The signal of ventricular meningioma tumor is not homogeneous, with equal or slightly low signal in T1WI and slightly high signal in T2WI, while the cystic lesion shows low signal in T1WI and high signal in T2WI, and the calcification shows significant inhomogeneous low signal in gradient echo T2WI.
Moderate heterogeneous enhancement was observed.
Vascular-centered glioma is well-defined and shows slightly low signal in T1WI and slightly high signal in T2WI, and tumor extension to the adjacent lateral ventricle is seen.
There is no enhancement.
Embryonal dysplasia type neuroepithelioma tumor shows slightly low signal in T1WI and slightly high signal in T2WI, and the “vesicle sign” is often seen in the tumor.
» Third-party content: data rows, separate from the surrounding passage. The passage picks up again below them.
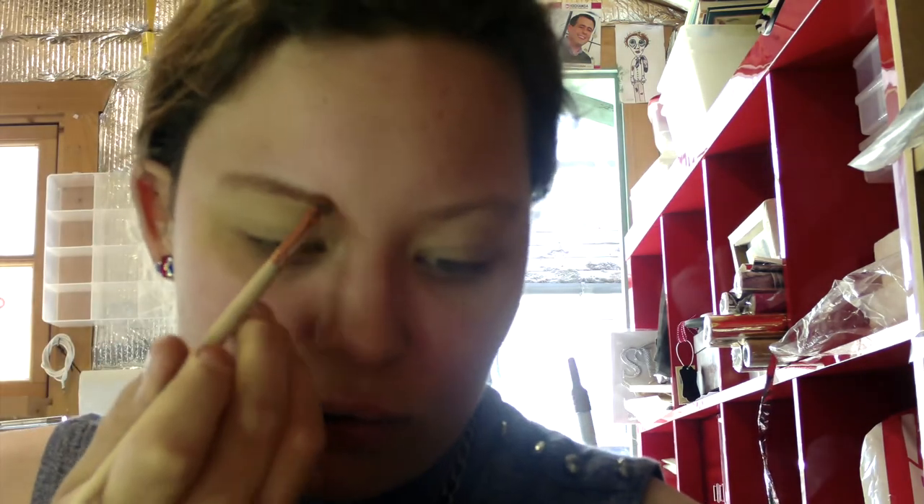First I get the lightest shade and put it on my eye up to my eyebrow. Then I go for the darkest one — I start in the middle and just work it outwards. This is honestly the best my eyebrows have looked, just saying. Now I'm going to quickly go and do the other eye.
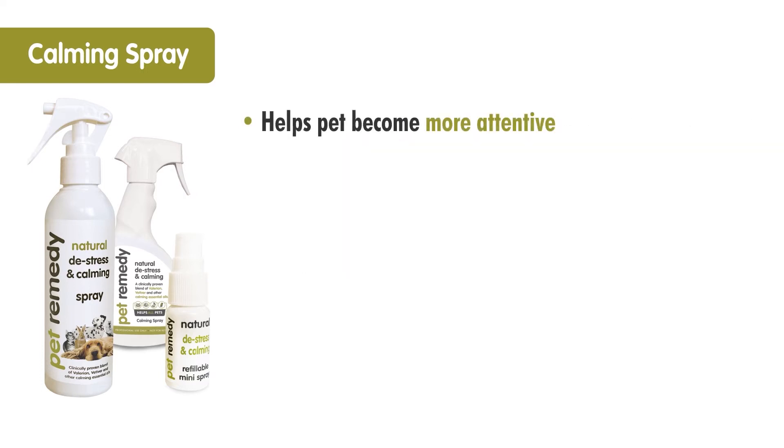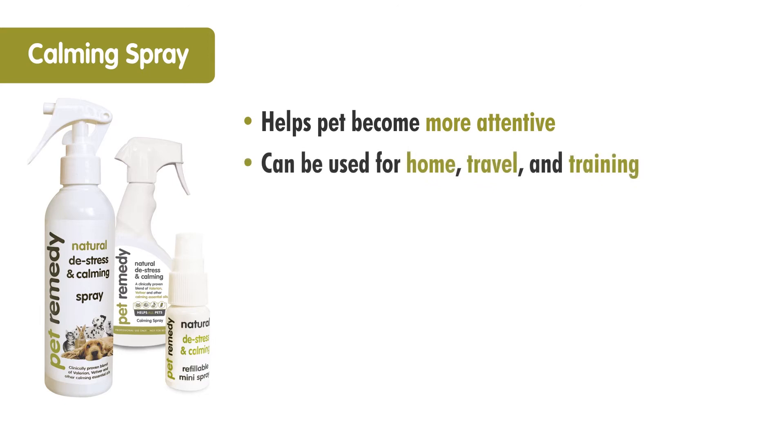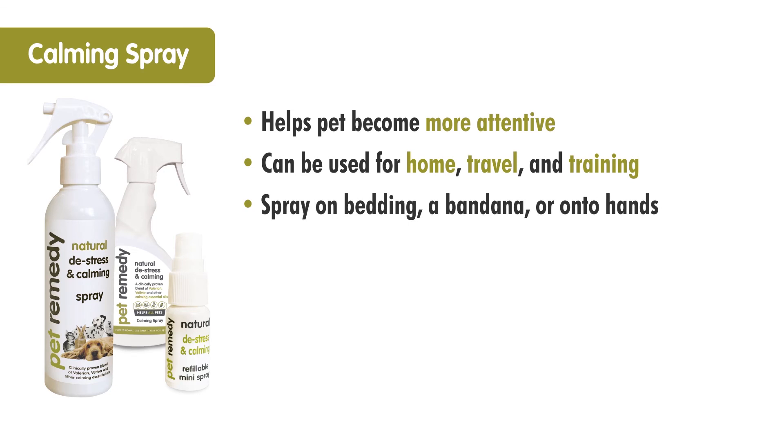The spray can be used to help with bonding and also helps pets to become more attentive and receptive. It can be used for home, travel and training. It can also be sprayed onto bedding, a bandana or directly onto hands for direct contact.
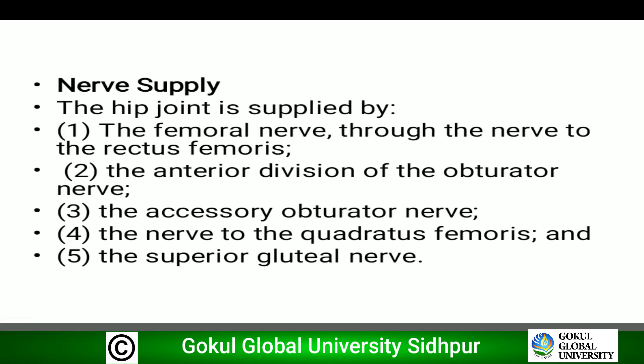The nerve supply of the hip joint comes from the femoral nerve, the anterior division of the obturator nerve, the accessory obturator nerve, the nerve to quadratus femoris, and the superior gluteal nerve.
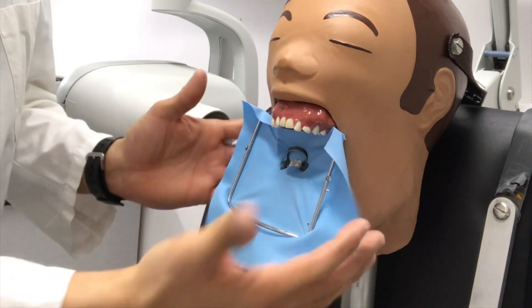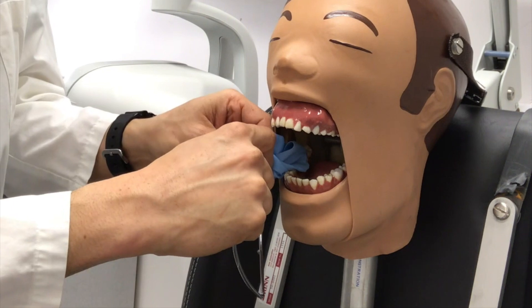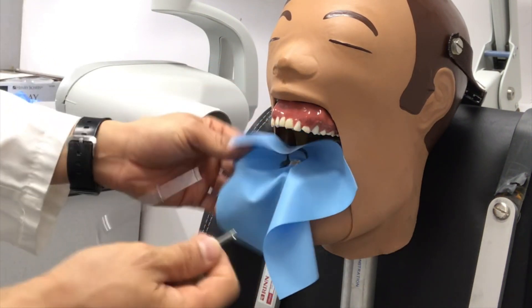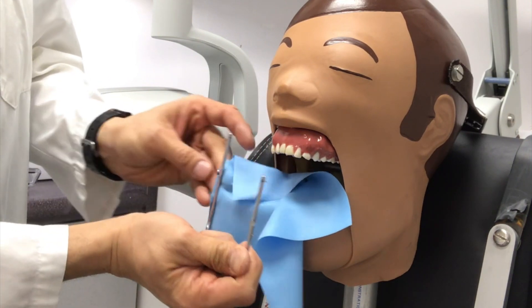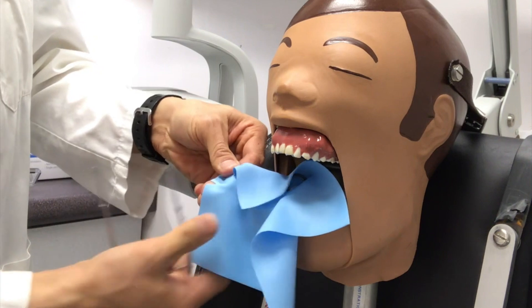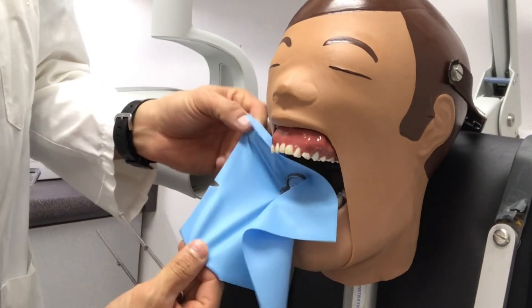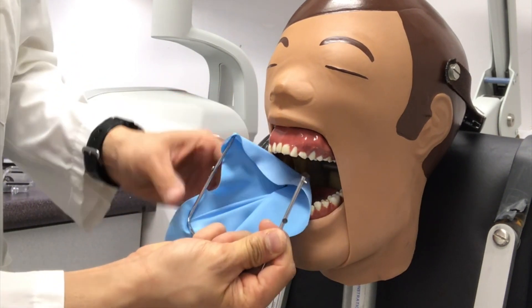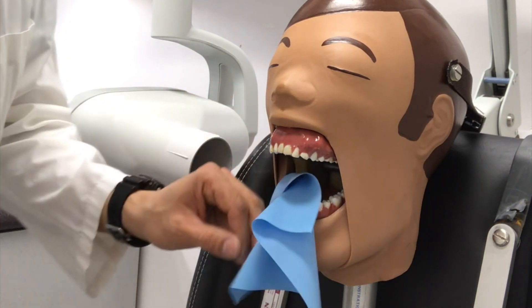One of the problems when you take your rubber dam off is it becomes a googly mess when you go to put it back on. What I do all the time is when I take my rubber dam frame off, I tear a corner off, so I know that every time I go to put the rubber dam frame back on, that corner — that side of the rubber dam — is to my right. Just a little trick that makes it so much more efficient.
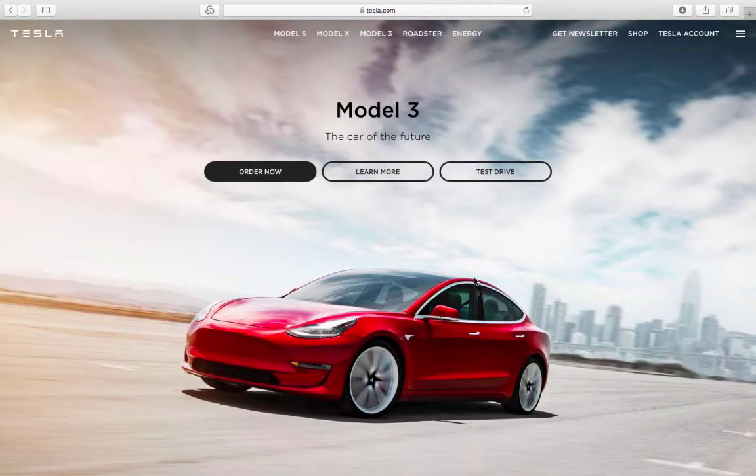Hello everyone, this is Moshe the Electric Israeli. Look what happened to the Tesla front page today — if you visit the website, you'll see a very new look with Tesla Model 3 front and center. As I reported the other day, Tesla has now opened Model 3 orders for everyone.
There is usually no enhancement or slight enhancement.
Cystic solid ganglioglioma shows solid wall nodules within cystic lesions, with cystic components showing low signal T1WI and high signal T2WI.
It may show different degrees of enhancement.
The solid part of central neuroblastoma shows equal signal in T1WI and slightly high signal in T2WI, the cystic lesion shows low signal in T1WI and high signal in T2WI, the calcification shows low signal in T2WI, and the gradient echo sequence shows significant low signal in T2WI with moderate to significant enhancement.
High-grade gliomas are usually mixed-signal lesions with iso- or low-signal T1WI and heterogeneous high-signal T2WI, and tumors often spread along white matter fiber bundles.
The tumor often spreads along the white matter fiber bundles. It shows nodular or irregular ring-like enhancement. Tumor angiogenesis is obvious. Gliomatosis is mostly non-enhancing or slightly plaque-like enhancement.
Medulloblastoma is more homogeneous low signal in T1WI, iso- or slightly high signal in T2WI, with clear margins, and may have a small portion of cystic changes.
Most of the tumors are clearly and uniformly intensified, and a few are moderately intensified.
PNET shows slightly low signal in T1WI and slightly high signal in T2WI, or mixed signal intensity in both T1WI and T2WI. Tumor diffusion along the cerebrospinal fluid can be seen.
Heterogeneous intensification, irregular “ringing” intensification, and occasional diffusion along the ventricular canal are seen.